**Records to use**
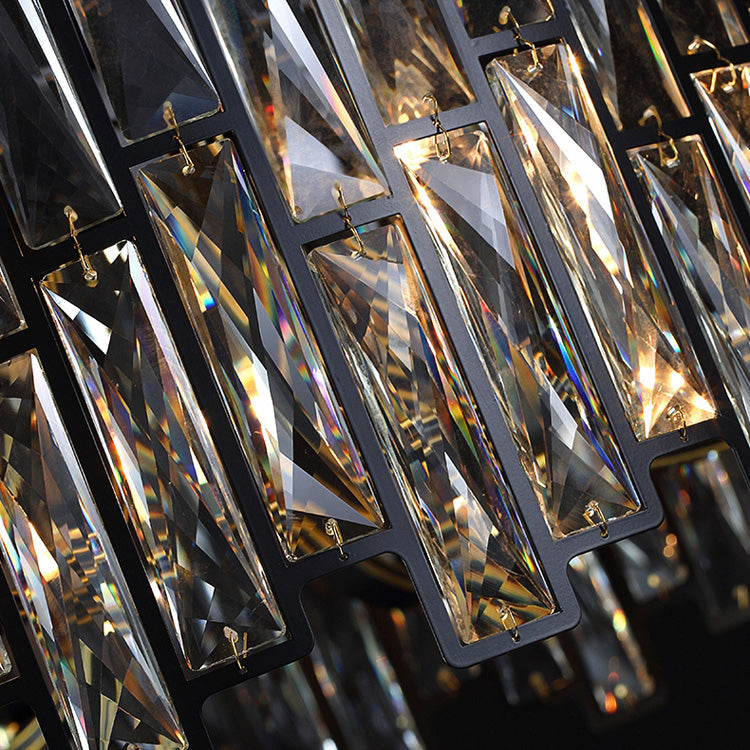 Palo Kitchen Island Chandelier - view 5
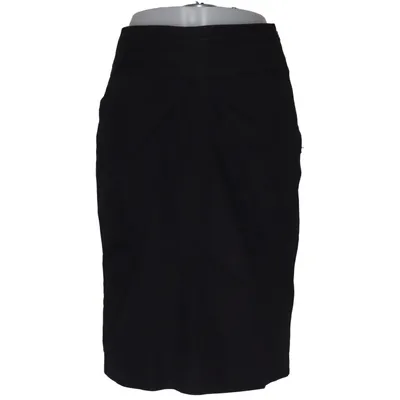 Skirt (Gray) from DAY Birger et Mikkelsen Acetate, Cotton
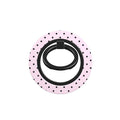 Passion Ring Holder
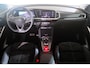 Opel Grandland 1.6 Turbo Plug-In Hybrid GS | CARPLAY | CAMERA |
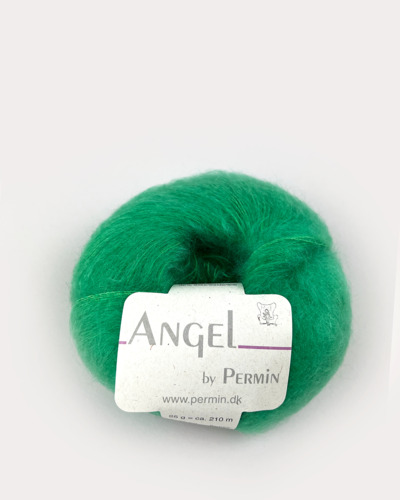 Angel by Permin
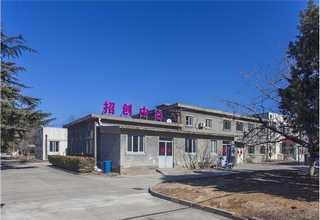 单平台点胶机器人现货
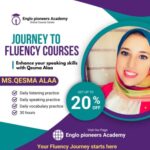 Group logo of Journey to Fluency Round 9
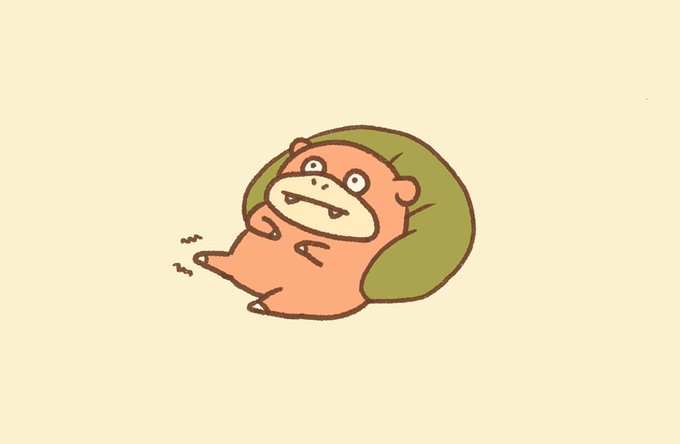 足つったのtwitterイラスト検索結果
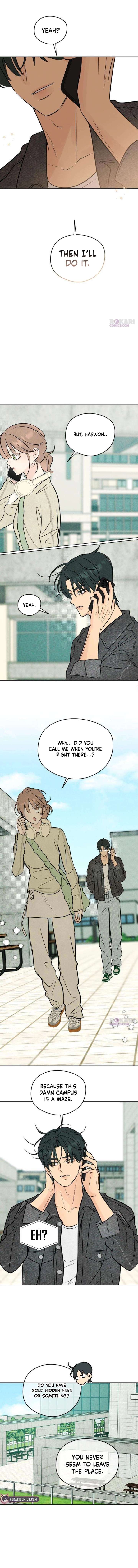 ch 29 19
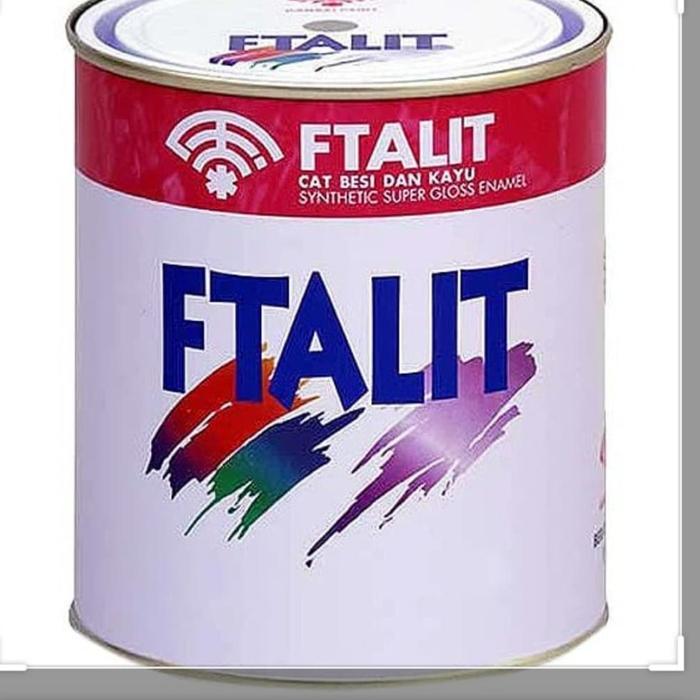 CAT FTALIT 1kg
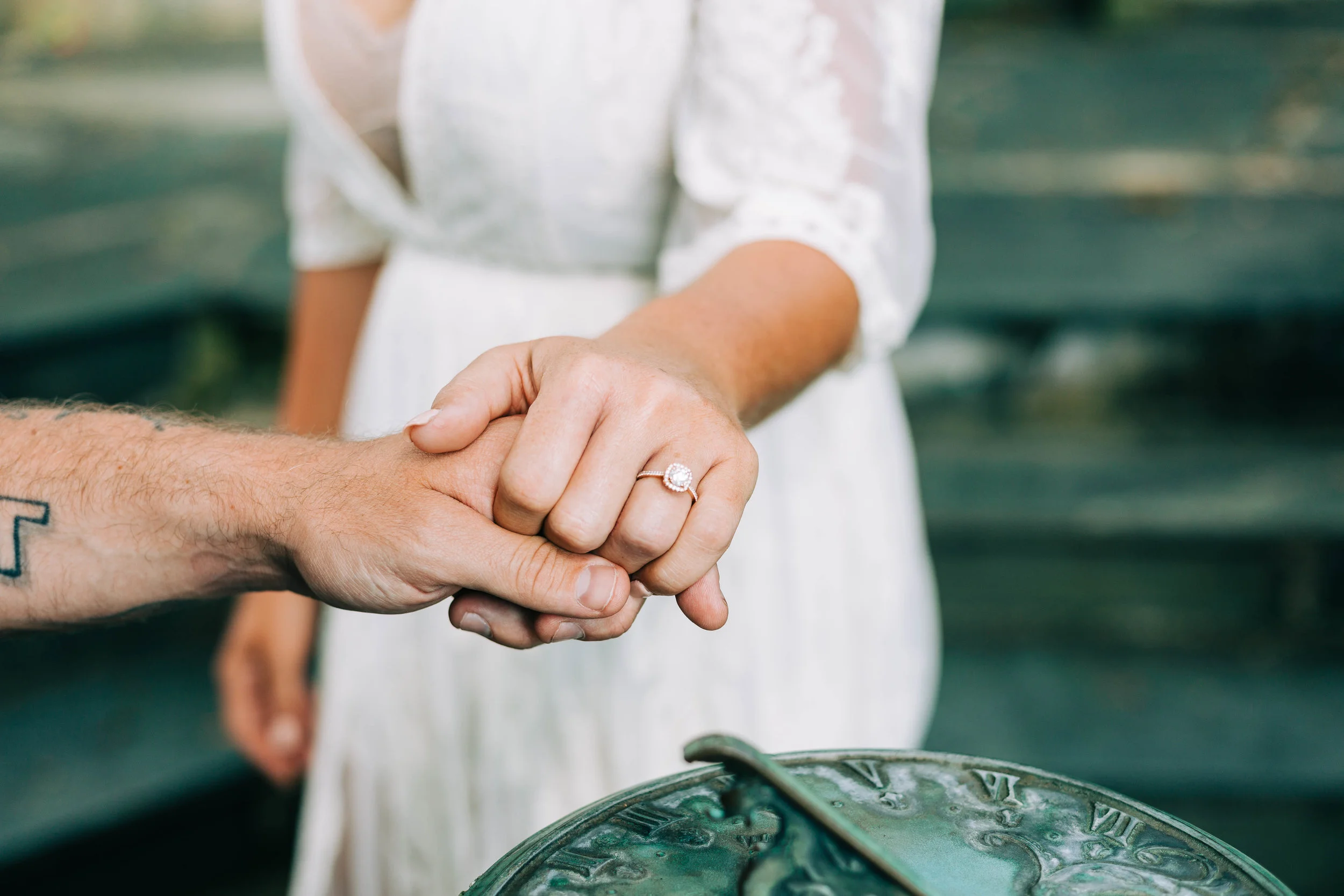 britt+jarr-1504.jpg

**Work to be completed**
Leaving all pictures aside, print exactly the lines from the one that contains "Passion Ring Holder" through the last line of the data above, inclusive.

**Response area**
 Passion Ring Holder
 Opel Grandland 1.6 Turbo Plug-In Hybrid GS | CARPLAY | CAMERA |
 Angel by Permin
 单平台点胶机器人现货
 Group logo of Journey to Fluency Round 9
 足つったのtwitterイラスト検索結果
 ch 29 19
 CAT FTALIT 1kg
 britt+jarr-1504.jpg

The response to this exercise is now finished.